Entrevista a Anna Zamazeeva. Presidente do conselho regional de Mykolaiev denuncia crimes contra a humanidade

por António Mateus - RTP
"Há muitas torturas diferentes. E gente morta e pendurada em árvores", disse Anna Zamazeeva RTP

A presidente do conselho regional de Mykolaiev, cidade-tampão do avanço russo no sul da Ucrânia, acusa as forças invasoras de estarem a cometer crimes contra a humanidade nessa ofensiva, incluindo a morte de professoras que viajavam num autocarro da Cruz Vermelha para lecionar num orfanato. Destaque de uma entrevista exclusiva de Anna Zamazeeva aos enviados da RTP à Ucrânia António Mateus e Rodrigo Lobo.

“De início, quando as nossas comunidades territoriais e as nossas povoações foram ocupadas, havia maus-tratos, torturas de pessoas comuns que não tinham a ver com as Forças Armadas da Ucrânia ou a defesa territorial. Depois começaram atos como espetar parafusos nas palmas das mãos de civis. Há muitas torturas diferentes. E gente morta e pendurada em árvores (…) Muitos casos de violações de mulheres. Estamos a denunciá-los aos representantes europeus. Isso vai-nos ajudar a registar crimes contra a humanidade que estão a ser cometidos e todos os horrores desta guerra e do nosso presente”, sublinhou a doutora em economia, que era professora universitária até se envolver na política.A entrevista foi concedida em local não identificado por ser um dos pontos de alojamento temporário de deslocados em fuga de zonas ocupadas pelas forças russas.

Anna Zamazeeva sobreviveu por um acaso quando o edifício administrativo onde presidente ao conselho regional daquela cidade portuária do Mar Negro foi atingido por um míssil russo, provocando a morte de 37 funcionários e ferimentos em dezenas de outros. Depois de ter estado a trabalhar até de madrugada, chegou meia-hora atrasada ao serviço naquele dia, o que lhe salvou a vida, mas não as de muitos colegas e amigos.
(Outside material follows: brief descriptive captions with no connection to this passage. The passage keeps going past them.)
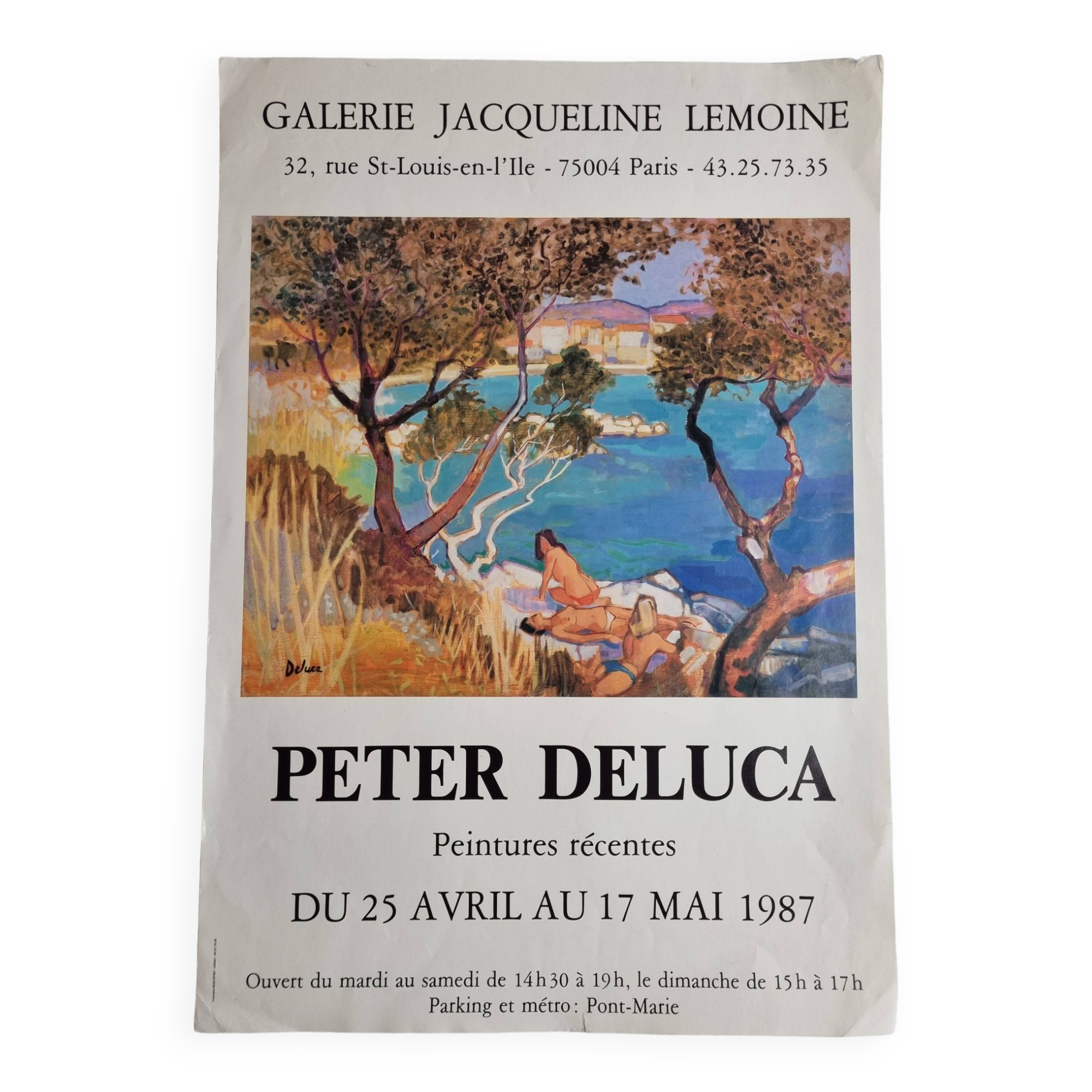 Exhibition poster, Deluca, 1987, 63 x 44 cm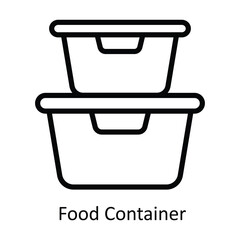 Food Container  vector  outline Design illustration. Symbol on White background EPS 10 File 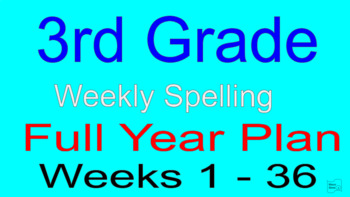 Preview of Year Long Weekly Spelling and Alphabetical Order Program (Weeks 1 - 36)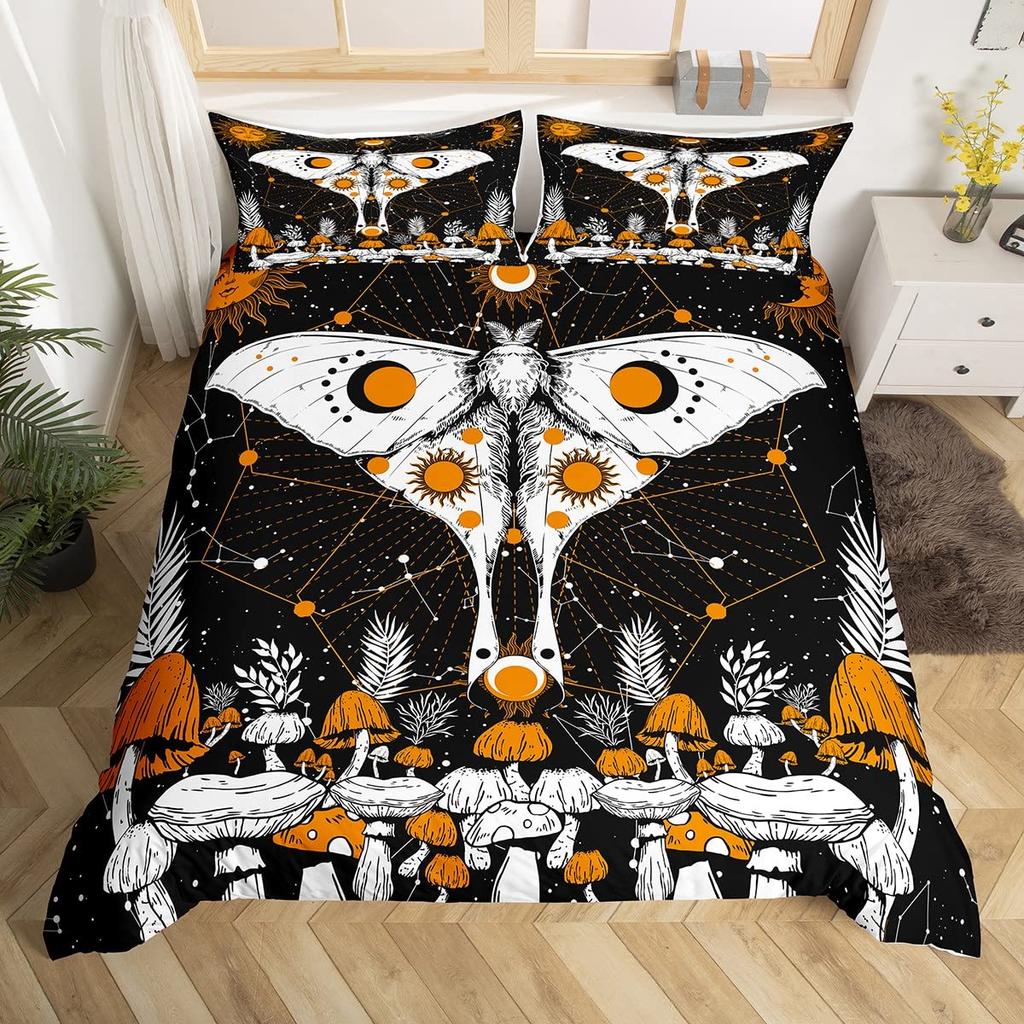 Комплект пододеяльника Queen с грибами, Комплекты постельного белья «Золотая луна и звезды», Психоделическая картина маслом «Мотылек», Планета, Листья, Цветок, Пододеяльник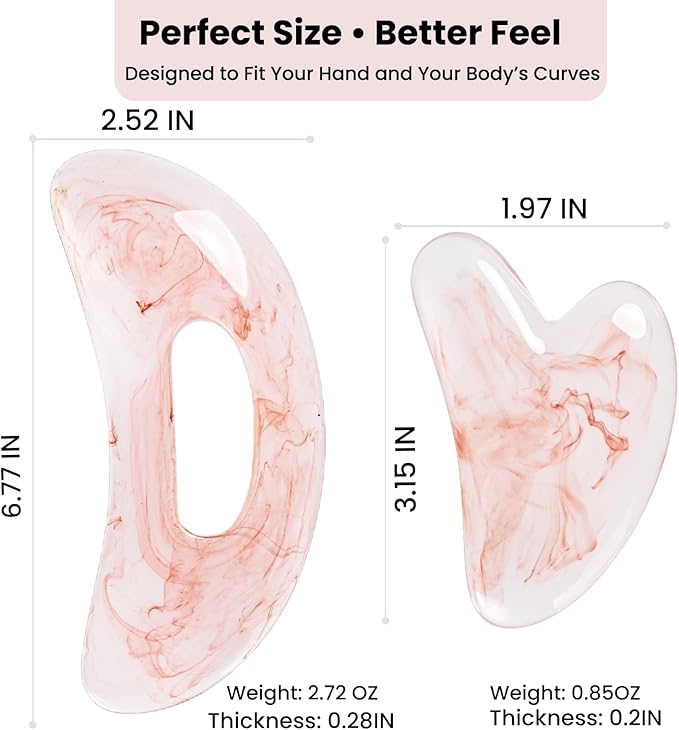 Large Body Gua Sha Tool for Lymphatic Drainage,Cellulite, Sculpting and Sore Muscles,Grip-Friendly with Smooth Resin & Ergonomic Design for Jawline, Neck,Thighs and Stomach Pink Resin Prop 65 Tested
“Quando aquilo aconteceu foi como se algo tivesse sido amputado e muita gente morreu ali. Era ali que trabalhávamos, criávamos ideias para desenvolver o nosso país, a nossa região”, recorda, com a voz a trair a emoção. “Uma coisa horrível. Mas não deixaremos sozinhos os que ficaram enlutados. Vamos ajudá-los em todos os problemas e agora as famílias dos que morreram são 100 por cento nossas. Somos uma grande família e vamos ajudas as suas crianças e os restantes membros”.
António Mateus, Rodrigo Lobo - RTP

Zamazeeva rejeita ainda qualquer fundamento - como mentiras para consumo interno da Rússia - nas alegações feitas por Vladimir Putin de pretender, com esta sua dita “operação militar especial”, desnazificar ou desmilitarizar o país vizinho, tal como ser proibido na Ucrânia falar em língua russa.

“Não é possível desnazificar-nos simplesmente porque não o somos. A minha mãe nasceu na Rússia, fala russo e [ao contrário do que afirma Putin] podemos falar russo em segurança tanto na cozinha como na rua. É por isso que nunca condenamos ou limitamos outros. Não podemos ser desmilitarizados [outro objectivo declarado por Putin] porque o nosso é um país alegre, emotivo e belo com gente pacífica. Não declarámos guerra nem tirámos nada a ninguém. Protegemos os nossos, protegemos os nossos lares, as nossas crianças. As nossas tropas protegem as nossas mulheres, os nossos pais. Não fizemos nada de errado a ninguém", assegurou Zamazeeva, que é um dos delegados ucranianos junto do Conselho da Europa.

“Mais importante”, sublinha aos enviados da RTP, “estamos a morrer em defesa dos valores europeus. Somos 100 por cento verdadeiros europeus. Pregamos os mesmos valores, temos raízes completamente livres com mentalidade europeia e acreditamos que é por isso que estamos a sofrer. Porque aquela nação [russa] não é capaz de o ser; são escravos, não conseguem pensar em liberdade. Por isso, todas as acusações foram apenas um pretexto para o que estão a fazer”.